Moe de Triana. El pasado martes el mundo se despertó más flamenco que nunca. Los compases de palmas y zapateos sonaron al unísono en todas las academias y escuelas de flamenco más allá de nuestras fronteras en señal de celebración, mientras todos los que miraban guardaban silencio ante tal demostración de soniquete y arte.

De las gargantas brotaron quejíos de los que erizaban la piel, soleares, siguiriyas, alegrías, bulerías, martinetes, tangos. Todo era poco para festejar que el flamenco era reconocido por la UNESCO como Patrimonio de la Humanidad dando un elegantísimo paso al frente en lo que a su expansión por los cinco continentes se refiere.

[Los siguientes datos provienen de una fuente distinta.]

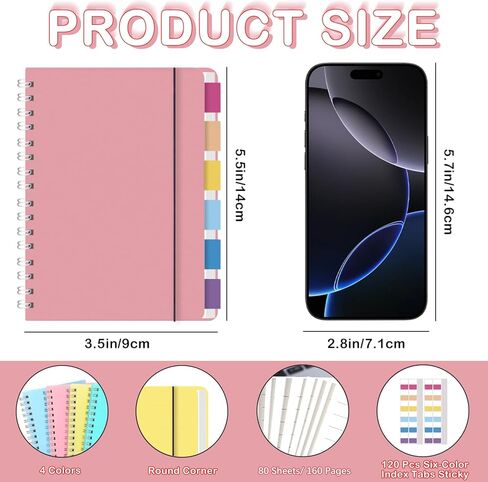 Mini Spiral 4 Pack Notebooks 3.5 x 5.5 in College Ruled, Small Spiral Planner, Waterproof 80 Sheets/160 Pages, Pocket Notebook with 120 Pcs Sticky Index Tabs To Stay Organized for Work School Office in Kuwait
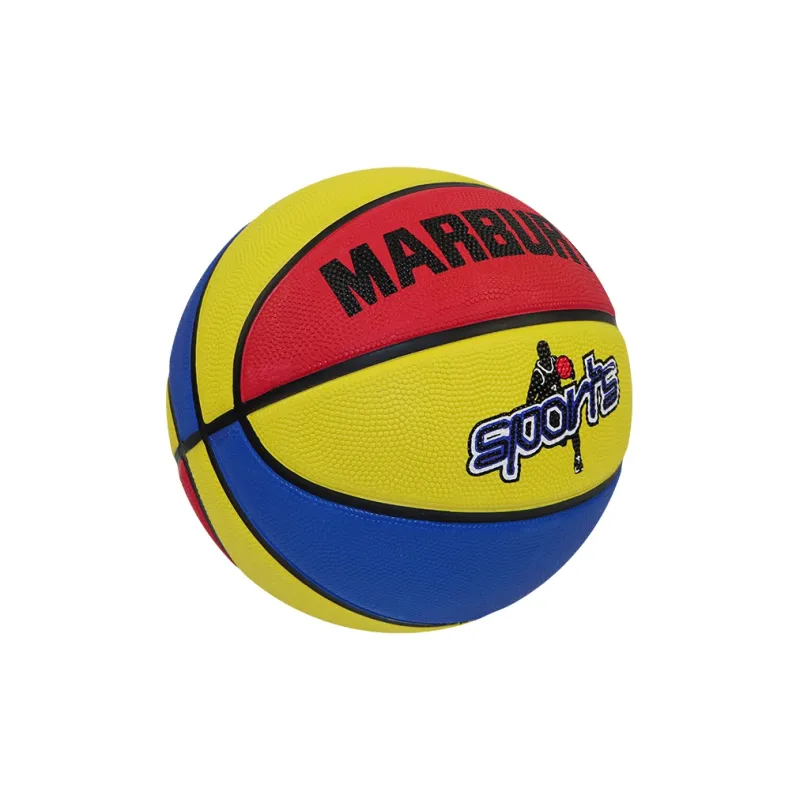 MARBURY Rubber Basketball Red Yellow Blue Patchwork Size 4 5 Size Training Kids'-3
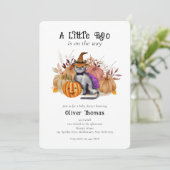 ウィッチハットベイビーシャワーの小さなブー詩の猫 招待状 (スタンド正面)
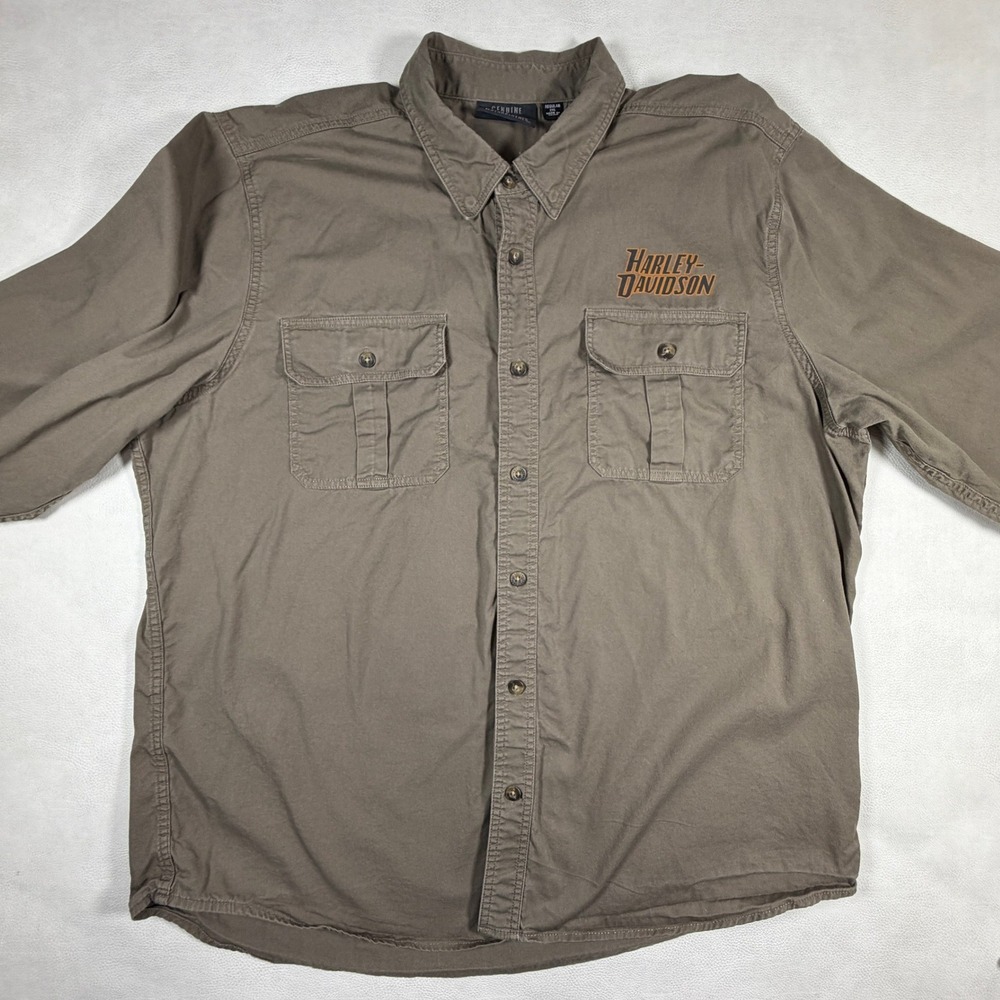 Harley Davidson Mens 2XL Brown Long Sleeve Eagle Graphic Button Down Shirt - Picture 7 of 13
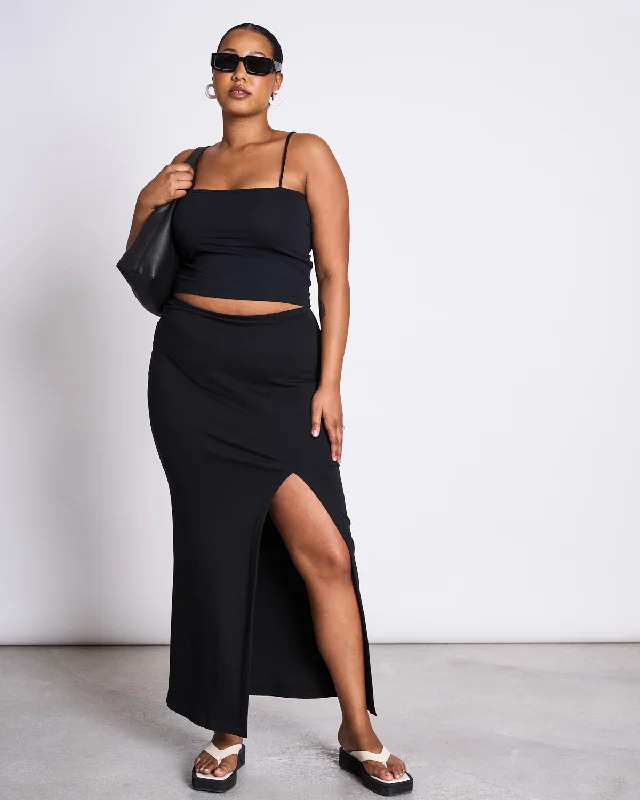 MAXI SKIRT LUSTA BLACK denim skirt classic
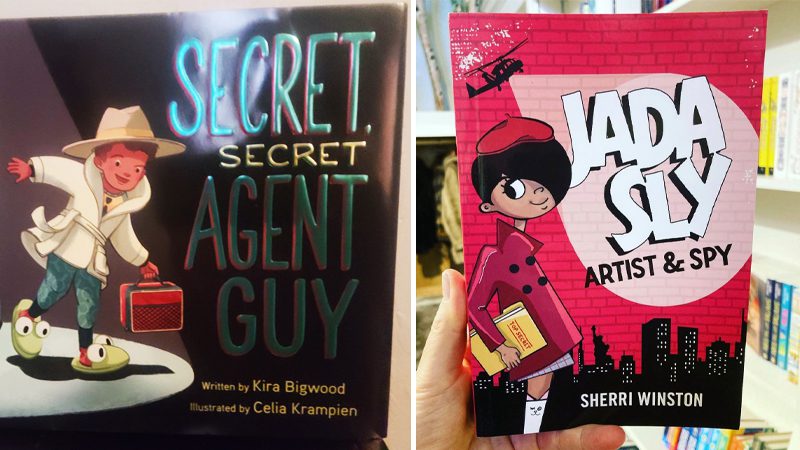 Collage of spy books for kids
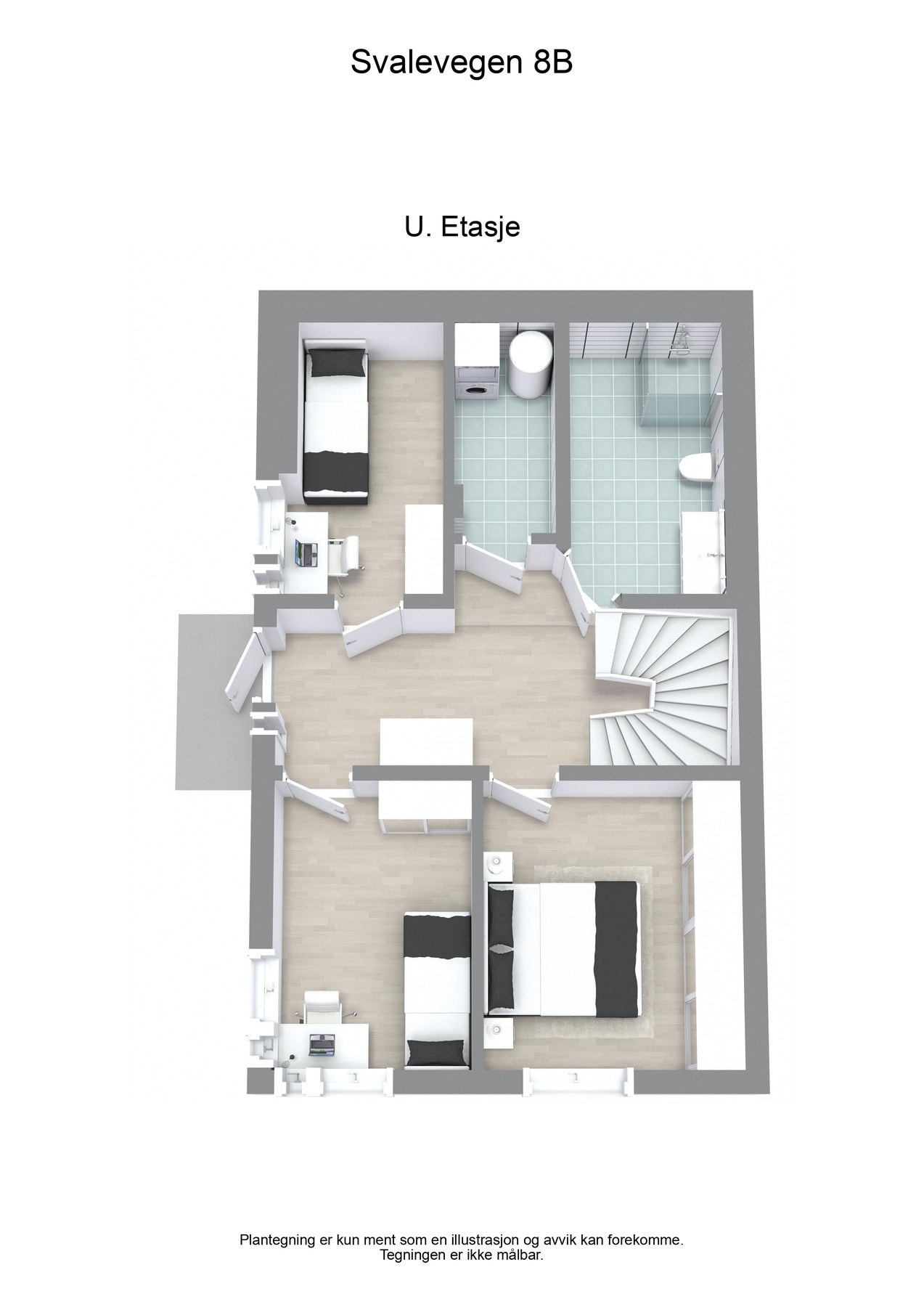 Planteging 1. etasje (3D). Galleribilde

Tal acontecimiento merece un brindis; un brindis por quienes lo hicieron grande y por quienes hoy lo mantienen en la cumbre; un brindis por aquellos que día a día se esfuerzan en llevarlo a escena por tablaos y tabernas y por esas personas que sacan tiempo de dónde no lo hay para tenerlo como afición practicando cada día alguna de sus disciplinas.

Hablamos de algo gigante, de un don que unió a ricos y pobres, a payos y gitanos, que sacó la música que encerraban almireces, alpargatas y mostraores de madera y que ha sabido fusionarse con todos los estilos musicales, demostrando que todo lo puede y que a lo largo de los años que le quedan por vivir seguirá evolucionando y brotando sin cesar de las gargantas de los que en un futuro tomarán la herencia del soniquete.

Como flamenco me llena de orgullo que un arte tan puro y tan ancestral haya sido por fín reconocido y denominado Patrimonio de la Humanidad, aunque en eso poco han tenido que ver la UNESCO y los políticos con ganas de notoriedad, como bien decíamos al principio. Desde siempre el flamenco ha sido patrimonio de todos, habitando en ese rinconcito del alma de quién ha querido acercarse a él, conocerlo y hacerlo suyo.